XML stands for eXtensible Markup Language. It is one of the varients of markup language that includes HTML which is used in webpages. In the accompanying screen shot, you can see the code that is used to draw the Google homepage. Most browsers allow you to view this code.


The important things to notice are that :

THE CODE HAS THE LOOK OF ENGLISH (but not as we know it Captain!)

This has the advantage of being able to read easily, and also to learn easily. Mind you it can become complicated, but not as much as raw computer code which a whole different language!


The use of the indent has a significance. Fundamentally it says that the indented knowledge relates to the parent item in the same way that an adjective tells you something extra about a noun. When you think about 'red car' and 'green car', you logically understand that there are two cars but that they are not identical. If you were told there were a green car and a red car in the street, and asked "How many cares are there?", you would answer two. If you were asked "How many orange cars are there?" you would answer "None".

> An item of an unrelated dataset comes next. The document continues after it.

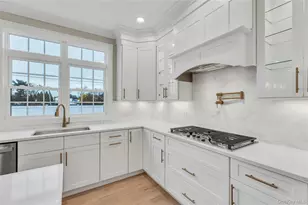 76 Wyoming Ct, Syosset, NY 11791 - Photo 6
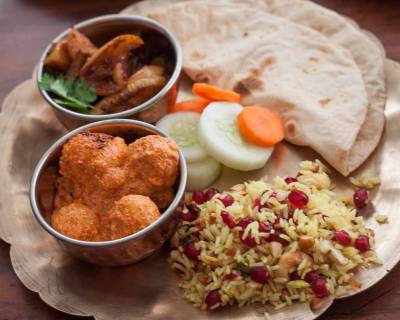 Try This Delicious Kashmiri Meal - Modur Pulao, Dum Oluv & Bom Chount Wangan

As you have just read, the indent has the status of an adjective providing more specific information about the parent. Of course, you might have appreciated a problem in this. Depending on what you are trying to describe, the schema will look very different. If you have a green apple, green car, red apple, red car and blue aeroplane, it depends on whether you are an engineer or artist as to whether you classify object>colour (this is what I would do!), or colour>object. Neither is right or wrong, it depends on your expert domain as to which fits. The other missing thing is that when you make these hierarchies, there is often a stated or implied relationship which also arises from the expert domain. Naming that relationship is also a problem! We doctors intuitively understand that things are connected (patient:disease, GTV:CTV, disease:recurrence) but if we had to put a name to all of these connections, it probably wouldn't get done and the disagreements would be legion - you may have heard the joke - what is a camel?1


* it looks like <xxx>XXXX</xxx>
* xxx = the concept, or 'semantic entity', in radiation oncology this will include things like 'FieldSize'2 or 'T_Stage'3. The semantic entity is a descrete concept understood by the domain expert (in radiation oncology, that is you!) basically it is a well recognised or standard term which is embued with professional meaning. A good example is FIELD_SIZE4
* XXXX = the instantiation of the semantic entity. So if xxx = 'Diagnosis', then XXXX = "C61" is a consistent structure
* the carets (<, >) and forward slash (/) are arranged to form the code.

XML in use

To put this last thing into XML, and you should see the points above:


You can parse this (this is an Informatics term meaning "read" or "process") to understand that

there is a patient called Michael Kirk Douglas who has been diagnosed with a cancer of the oropharynx of the squamous cell carcinoma, NOS type.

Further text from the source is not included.